Или взять вот этот поезд – бесконечно длинный вагончатый тягач из частей-параллелепипедов на круглых колесах, легко катящихся по рельсам, как по лыжне. Летит, пыхтит, торопится, сегодня ты здесь, а завтра – в другом городе – и совсем другом мире. А вагон – что-то «между», прореха во времени, и это «между» – целая жизнь с узкой, немножко неудобной койкой, с которой можно упасть, если слишком раскинешься во сне, кондиционером, который при плохой настройке легко заморозит или, напротив, распалит всех, хрустящим бельем без пододеяльника, одноразовыми красными тапками, биотуалетом, который можно посещать даже на стоянке, и гранеными стаканами обжигающего чая. И ведь это еще не все, это только то, что на поверхности. «Дом на колесах» вытянут, громок, странен. А попутчики? Каждый из них вносит свою лепту в пространство купе, населяя его своими флюидами, мыслями и настроением. Этих людей ты можешь больше никогда не встретить в жизни, но они способны оставить в ней свой удивительный, индивидуальный след, типа клейма, и ты выйдешь из поезда немножко новым от их подспудного влияния, а в некоторых случаях – и совершенно другим. А управляет целым вагоном человек в форменной синей одежде – проводник. Особенно Мите нравилась фуражка, жесткая, крепкая, с козырьком. Всякий раз ему хотелось, чтобы проводник, встречая и провожая их, брал под козырек, как военный. Тогда и пассажиры лучше бы слушались его, рассуждал Митя. И даже задавали бы меньше вопросов, не отвлекая.

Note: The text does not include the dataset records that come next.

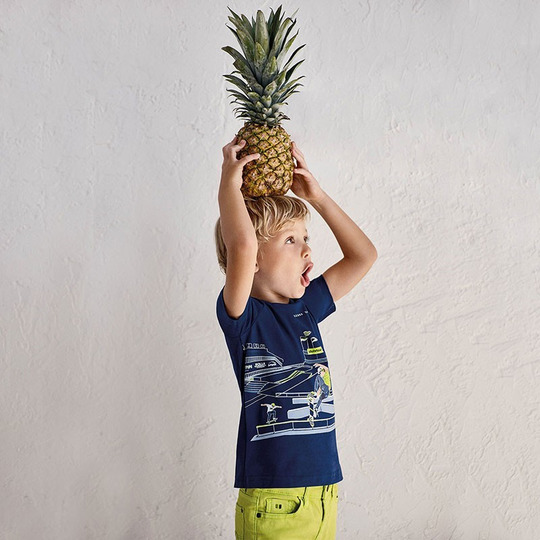 Mayoral - T-Shirt - Glow In The Dark - Rain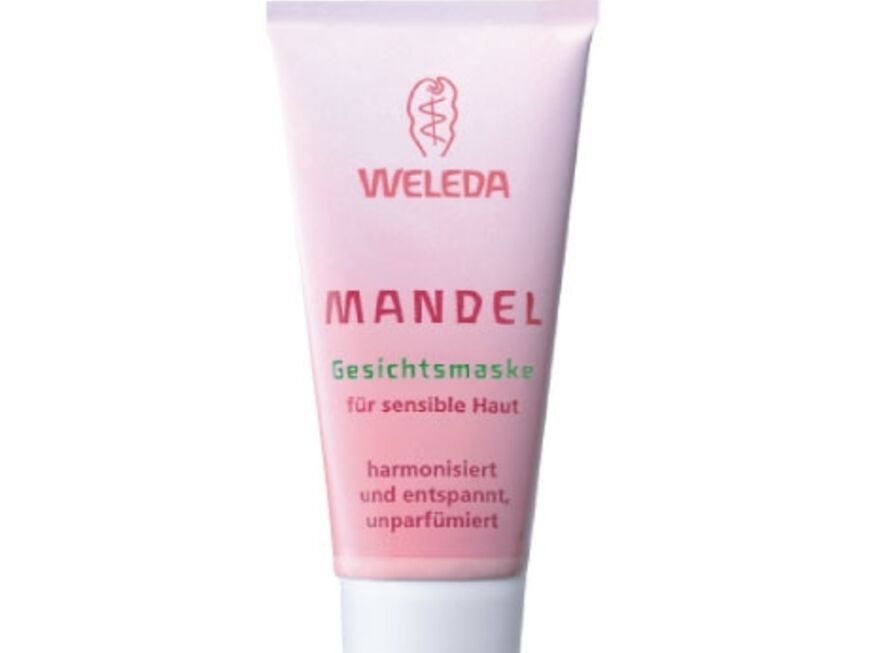  Beugt Hautirritationen vor: "Mandel 
 Gesichtsmaske"
 von Weleda, 30 ml 
 ca. 13 Euro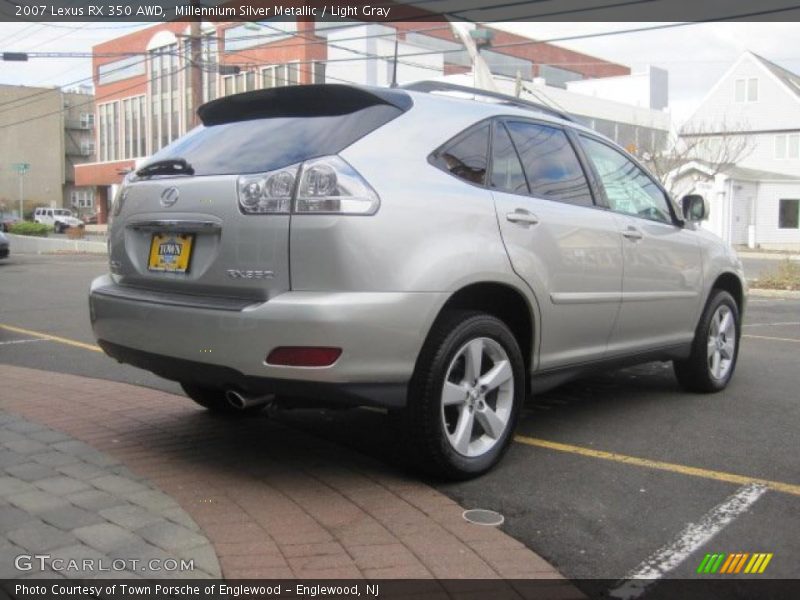 Millennium Silver Metallic / Light Gray 2007 Lexus RX 350 AWD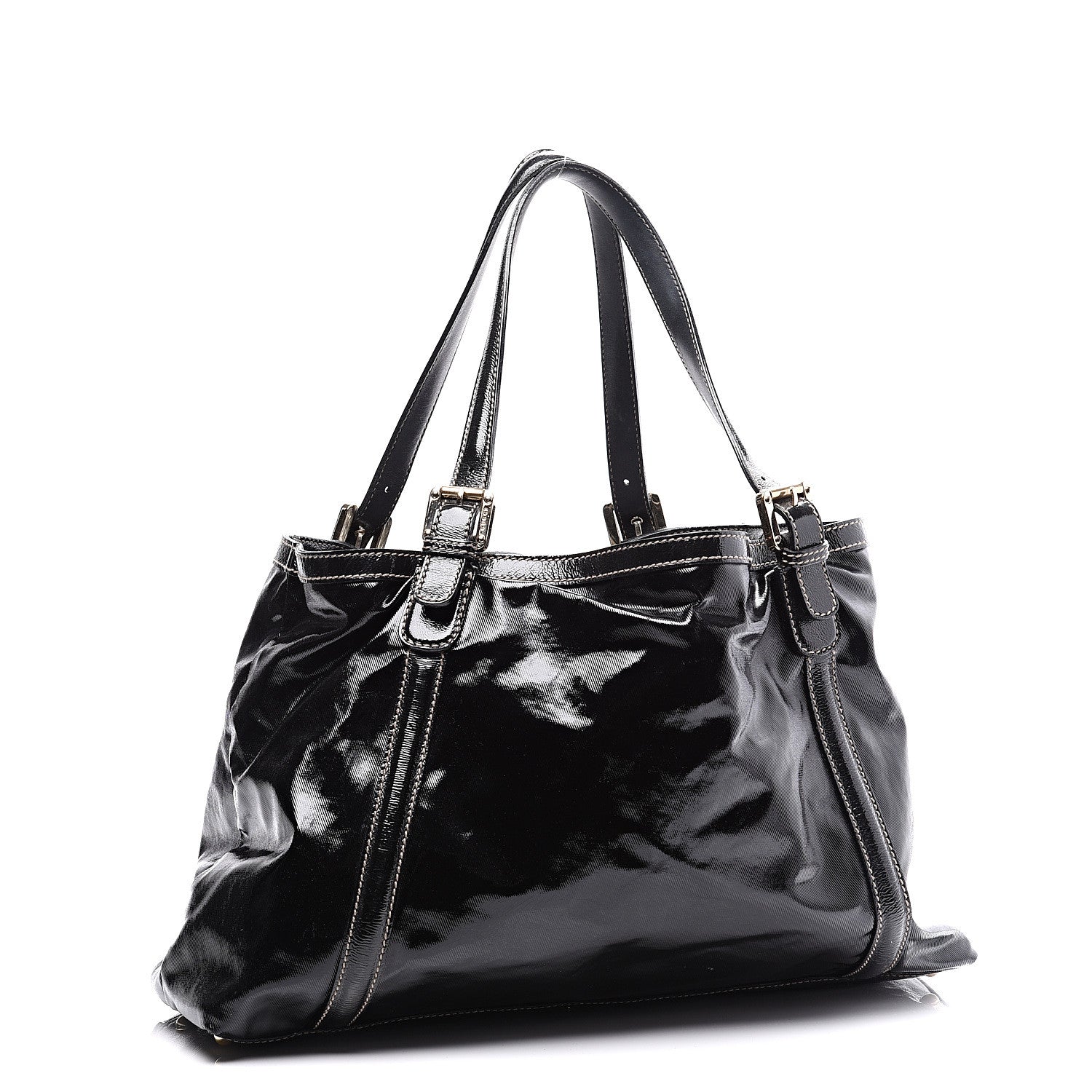 Gucci Dialux Medium Britt Shoulder Bag Black 2 of 11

Вагон – это состояние между вчера и завтра, вневременье, пропуск в будущее и состояние души, надежда на хорошую поездку и приключения – неожиданные, веселые, которые непременно случатся, если ты любишь дорогу и пускаешься в долгий путь с удовольствием. Эти мысли вихрем проносились, и, чуть задерживаясь, топтались у Мити в голове, поэтому он даже не заметил, как подошли двое попутчиков. Небольшой мужчина средних лет с узкими черными усикам и молодая девушка с длинными прямыми волосами. Митя с мамой заняли нижние полки, а этим пассажирам достались верхние. А пока они все вместе сидели внизу.
Тут поезд тронулся, и мальчик стал напряженно вглядываться в окно, которое бликовало, отсвечивало лампами купе, и это не позволяло рассмотреть предметы, таящиеся в сумраке и подпрыгивающие от движения поезда. Мир за окном от этого выглядел расплывчато, неясно и подтверждал Митины догадки о своеобразии того промежутка времени, которое люди проживали в поезде.
Вот проводник собрал билеты, предложил чай, пожелал: «Доброй ночи» – и вышел. Глаза у Мити стали потихоньку слипаться – шутка ли, уже за полночь, и, переодевшись, он обнял на ночь маму и с наслаждением растянулся на своей полке. Над ним ехала девушка-русалка. А над мамой – черноусый мужик. Натянув одеяло до подбородка, Митя видел сквозь неплотно смеженные веки какие-то тени, фигуры, слышал шуршание пакета и звук открывающейся застежки-молнии, пиканье чьего-то мобильного и острый запах свежеочищенного мандарина. Потом все стихло, и он не помнил, как провалился в сон.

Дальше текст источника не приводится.